Repeat only what runs from the line with "A Day of Tranquility in the Mekong Delta" through the last line of the data below, both included, keeping every word as it is and leaving out the pictures.

(Stored data Opens)

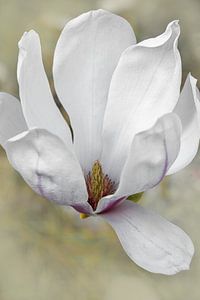 Magnolie. Rein. Romantische Traumwelt.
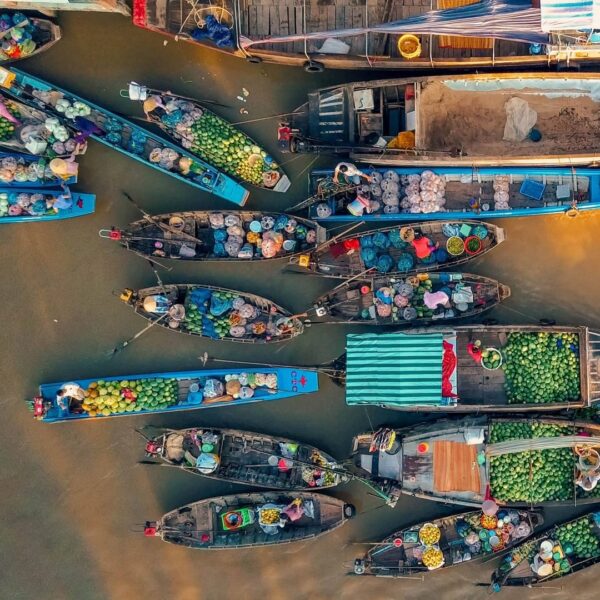 A Day of Tranquility in the Mekong Delta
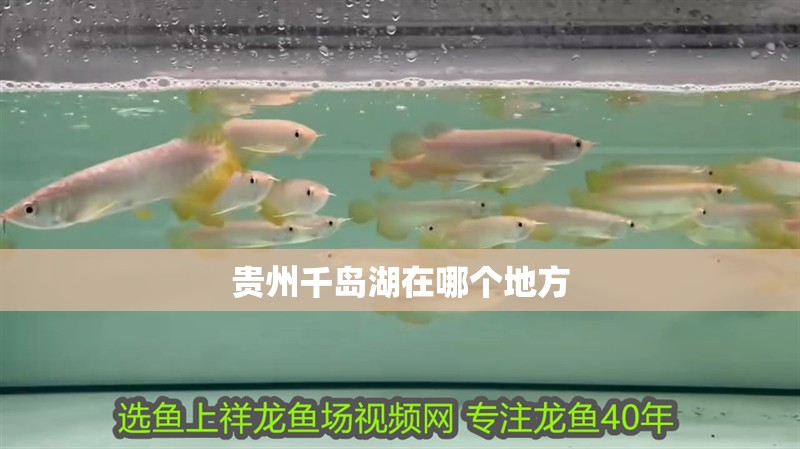 貴州千島湖在哪個(gè)地方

(Stored data Closes)

Solution to this exercise:
 A Day of Tranquility in the Mekong Delta
 貴州千島湖在哪個(gè)地方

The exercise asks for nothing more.